制服の胸ポケットに手を突っこんでみると、そこには女性が喜びそうなものがあった。
「あ、あのさ、これ」
 薄暗がりでさゆりからは良く見えなかったので、手に直接渡す。
「私に……?」
 さゆりが手に載せられたものを確かめると、それは板チョコだった。
といってもコンビニで売っていないような、少し珍しいメーカーのものだ。
先日左戸井にパチンコの景品としてもらった物で、
その後すぐに除霊の出動があったりして存在を忘れていたのだ。
「あ、ああ、チョコがなくなったって言ってただろ?」
「でも、東摩君が食べたんじゃないって」
「そうだけどさ、落ちこんでただろ?」
「……ありがと」
 さゆりから一日に二度も礼を言われるなど前例のない事態なので、
彼女が機嫌を直したのかどうか、龍介には判断がつかなかったが、
とにかく危機を乗り越えることはできそうだった。
 危機回避が上手くいって、幾らか龍介は舞いあがる。
そのまま黙って一旦別れれば良かったものを、つい要らぬことを言ってしまった。
「ん? お前、ちょっと顔が赤くないか?」
「えッ!? そ、そんなことないわよ」
「大丈夫か? どっかぶつけたのか?」
「だ、大丈夫……よ」
 歯切れの悪さにかえって龍介は心配してしまう。
「霊に憑かれた影響が残ってるのか? 医者に診てもらうか?」
「大丈夫だってば」
「そうか……? 顔も赤いみたいだけど、熱があるんじゃないのか?」
 暗いところにいるので良く見えないさゆりに、龍介は顔を近づけた。
「だッ、大丈夫だって言ってるでしょうッ!?
先に戻ってるから、あんたもさっさと報告書書きに来なさいよッ」
 地面に落ちていたセミが突然羽ばたくように、いつもの調子に戻ったさゆりは、
そのまま身を翻して行ってしまった。
 とりあえずは危機を回避できた龍介は、さっそくさゆりの言いつけを破って、
報告書を書きに編集部に戻ろうとせずにぼんやりと考えていた。
 さゆりの怒りかたが、いつもとはどうも違う気がする。
その、どう違うのかを言葉にするのが文筆業だと千鶴なら言うだろう。
龍介も心がけてはいるのだが、まだ駆けだしの身で、どうにも頭の中をまとめられなかった。
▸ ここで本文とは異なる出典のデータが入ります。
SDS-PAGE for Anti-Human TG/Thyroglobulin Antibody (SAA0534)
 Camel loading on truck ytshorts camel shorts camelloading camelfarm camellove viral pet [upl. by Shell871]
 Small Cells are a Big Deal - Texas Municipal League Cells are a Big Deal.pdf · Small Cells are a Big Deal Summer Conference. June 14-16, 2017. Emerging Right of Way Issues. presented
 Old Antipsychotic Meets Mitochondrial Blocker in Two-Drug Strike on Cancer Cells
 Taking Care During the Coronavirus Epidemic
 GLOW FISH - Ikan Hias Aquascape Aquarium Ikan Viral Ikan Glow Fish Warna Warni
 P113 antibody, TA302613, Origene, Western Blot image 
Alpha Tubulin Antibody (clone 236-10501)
 一分ほど考えて、早々と自分の国語的才能に見切りをつけた龍介の脳裏に、
不意に抱き起こした直後のさゆりの顔が浮かんだ。
 さゆりの顔は見た目は平均以上だと思う――口の悪さが平均の遥か下であるのと同様、
認めなければならない事実だ――が、あの時の彼女は、龍介にいつもと違う反応をもたらした。
うかつに身体に触ってしまったことに対する罪悪感というか、
そんなようなものを抱かせるような、有り体に言えば、見た目通りの可憐な少女である深舟さゆりだった。
もしあの表情で「謝って」と言われたら、過去の因縁はともかく謝らずにはいられなかったかもしれない。
UMAや宇宙人に遭遇するよりも貴重だと思われる、あの彼女がいつも降臨するなら
揉め事は起こらないし、除霊も雑誌の制作も今の倍くらいはスムーズにできそうな気がするのだ。
 ではこれが東摩龍介にとって理想的な深舟さゆりかというと、
なぜか素直には同意できず、疑問符がついてしまう。
しかもその疑問符がどこから生えてきたのか、頭の中を掘り返してみても、
どうにもはっきりしないのだった。
 薄暗い場所で考えこんでいても全く結論は出そうにないので、
龍介は諦めて編集部に戻ることにする。
その途端、床に置いてあった萌市の私物にしこたま足をぶつけ、
声にならない悲鳴を薄暗い部屋に響かせたのだった。